Eartquake Talk Volume 2 (EQ-Talk 2) dilaksanakan pada hari Jumat (17/07/2020) melalui zoom meeting dan live streaming di youtube Gempa ITB. EQ-Talk kali ini dibuka dengan welcoming remark dari Prof. Sri Widyantoro (PuSGeN/CEST-ITB) dan dimoderatori oleh Dr. Irwan Meilano (CEST-ITB/PuSGeN/IATsI). EQ talk 2 menghadirkan pembicara dari California Institute of Technology, yaitu Prof. Hiroo Kanamori yang merupakan seorang Profesor Emeritus dalam Geofisika yang telah memberikan kontribusi mendasar dalam pemahaman fisika gempabumi dan proses tektoniknya, termasuk studi tentang Tsunami Earthquakes.
Dalam welcoming remarks nya, Prof. Sri Widyantoro menyampaikan bahwa Prof. Hiroo Kanamori adalah orang yang tepat untuk menyampaikan bahasan EQ Talk 2 ini, yaitu ‘Tsunami earthquake: History and Recent Developments’. Adapun EQ Talk 2 ini dilaksanakan dalam rangka memperingati 14 tahun gempa bermagnitudo 7.7 di selatan Jawa yang memicu tsunami dengan tinggi rata-rata 6-8 meter di pesisir selatan Jawa Barat pada 17 Juli 2006 lalu.
Studi awal yang serupa dari kejadian 14 tahun yang lalu ini adalah pada Gempa Sanriku 1896 di Jepang, dimana hampir tidak terasa di pantai Sanriku, namun 30 menit kemudian menghasilkan tsunami sekitar 30 meter dan menewaskan 22.000 korban jiwa. dari kejadian ini, penelitian mulai berkembang. Tahun 1896 merupakan tahun dimulainya perkembangan ilmu modern, diantaranya teori sumber seismik, komputer, instrumentasi dan juga jaringan seismik. Dengan perkembangan ini menjadikan mekanisme, magnitude, dan juga sumber spektrumnya dapat di determinasi secara kuantitatif dan tepat.
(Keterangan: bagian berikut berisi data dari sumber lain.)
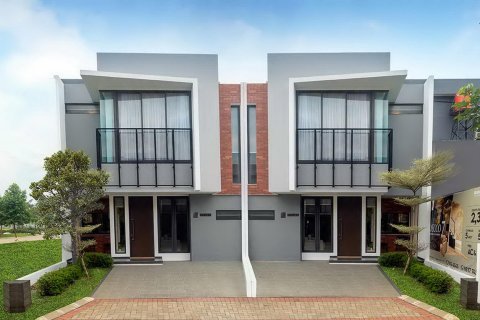 Kebayoran Residences in South Tangerang, Indonesia No. 4248
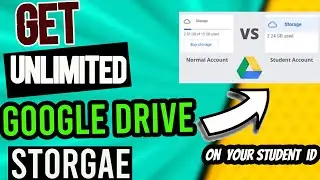 google drive unlimited storage lifetime free(2023) -  google drive education unlimited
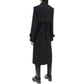 Black Polyester False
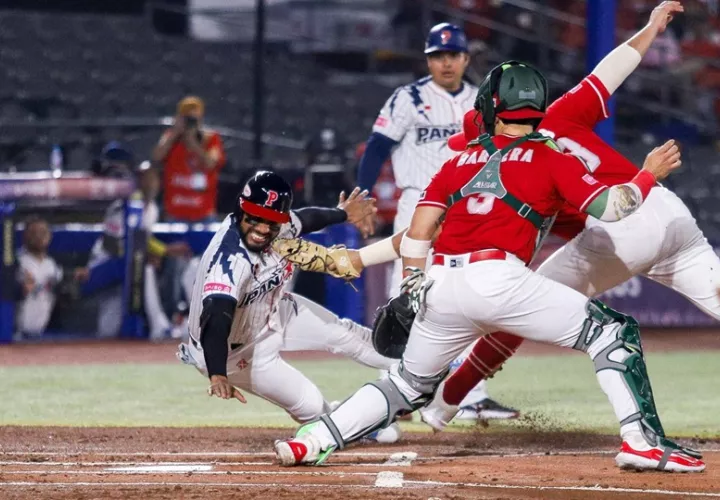 Panamá obtuvo tres triunfos en el torneo. Foto: Fedebeis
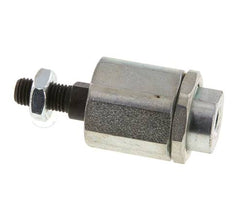 Joint flottant M10 x 1,25 pour vérin Acier zingué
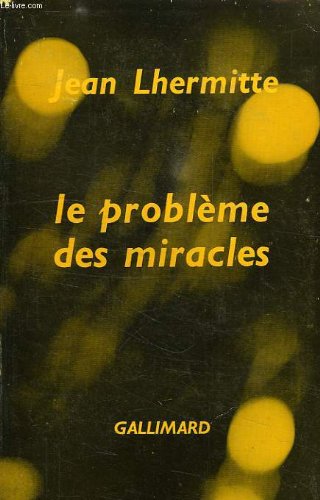 Probleme des miracles 9782070239450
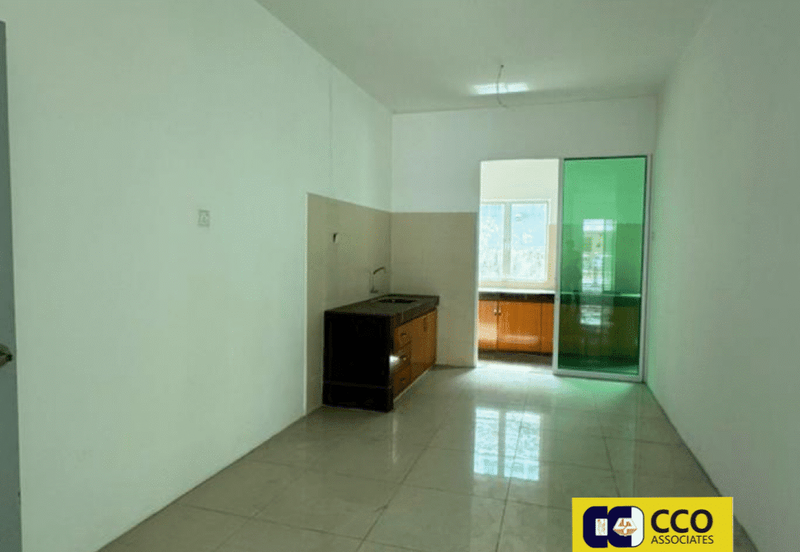 Taman Pengkalan Precinct 18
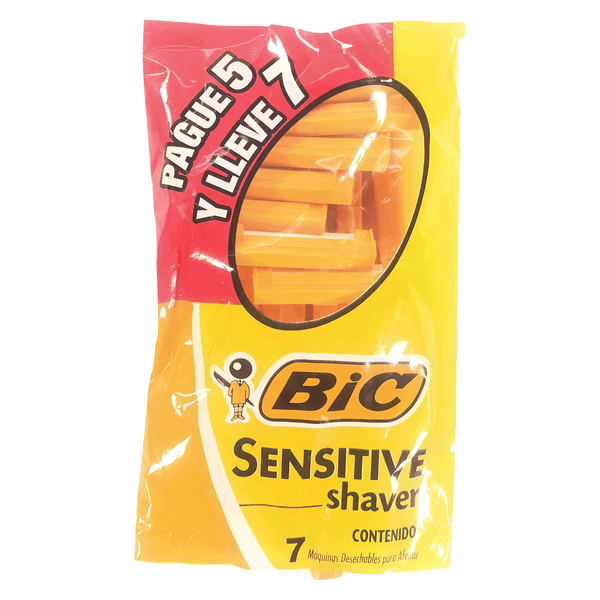 AFEIT BIC SENSITIVE BLISTx7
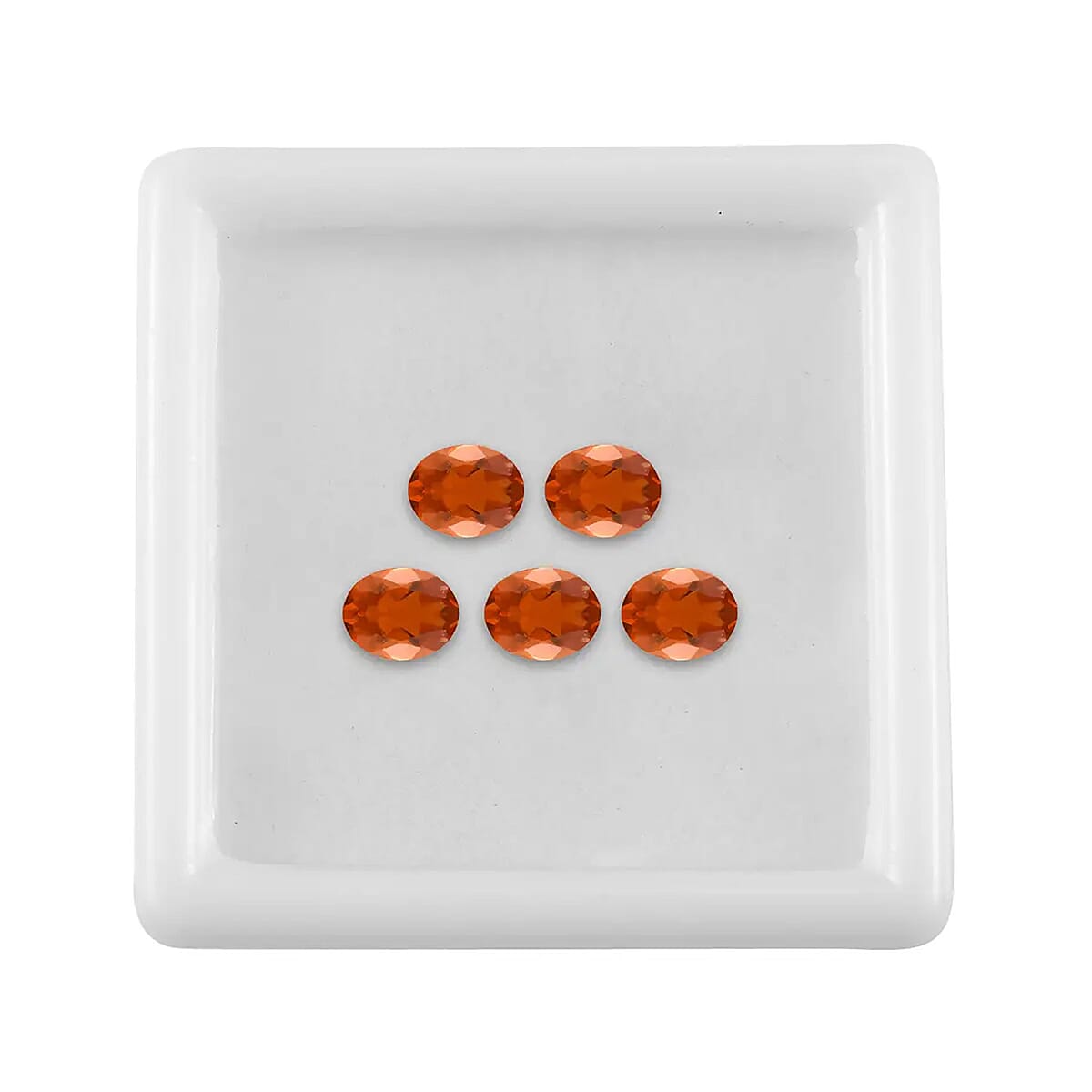 Jalisco Fire Opal (Ovl 5x4 mm) 1.18 ctw image number 4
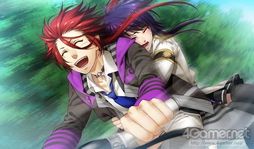画像ギャラリー No.018のサムネイル画像 / 「乙女チック4Gamer」第329回:「神々の悪戯 Unite Edition」を特集。シリーズ2本をまとめて収録したNintendo Switch用ソフト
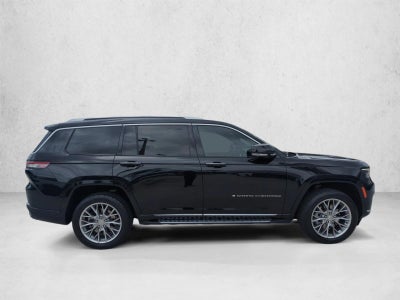 2022 Jeep Grand Cherokee L Summit 4x4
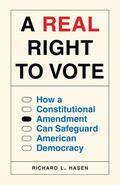 Hasen |  A Real Right to Vote | eBook | Sack Fachmedien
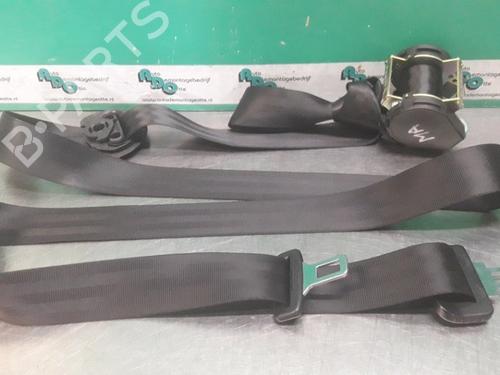 Used Rear center seatbelt VW TOURAN (1T1, 1T2) 1.6 FSI (115 hp) 19616158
Dari banyak kejadian yang sudah terjadi, Prof. Hiroo Kanamori menyampaikan sudah banyak progress yag berjalan, mulai dari science dan teknologi seperti seismology, GPS, ocean-bottom, instrumentasi, dan telemetri yang dapat membantu dalam pembuatan warning system. Namun terdapat tantangan yang dihadapi seperti adanya kejadian langka yang tak terduga dengan konsekuensi serius terutama untuk tsunami jarak dekat. Untuk keberlanjutan diperlukan upaya pendanaan jangka panjang. penggunaan jaringan pemantauan untuk sains. Misalnya, jaringan global untuk seismologi, dan DART untuk penelitian tsunami. Diperlukan juga studi kerentanan, perencanaan penggunaan lahan, strategi evakuasi, serta pendidikan dan latihan. Yang tak kalah penting disampaikan adalah perlunya kolaborasi erat antara tinjauan dan rekomendasi ilmuwan, insinyur, praktisi, dan pejabat pemerintah untuk kedepannya dalam menghadapi bencana ini.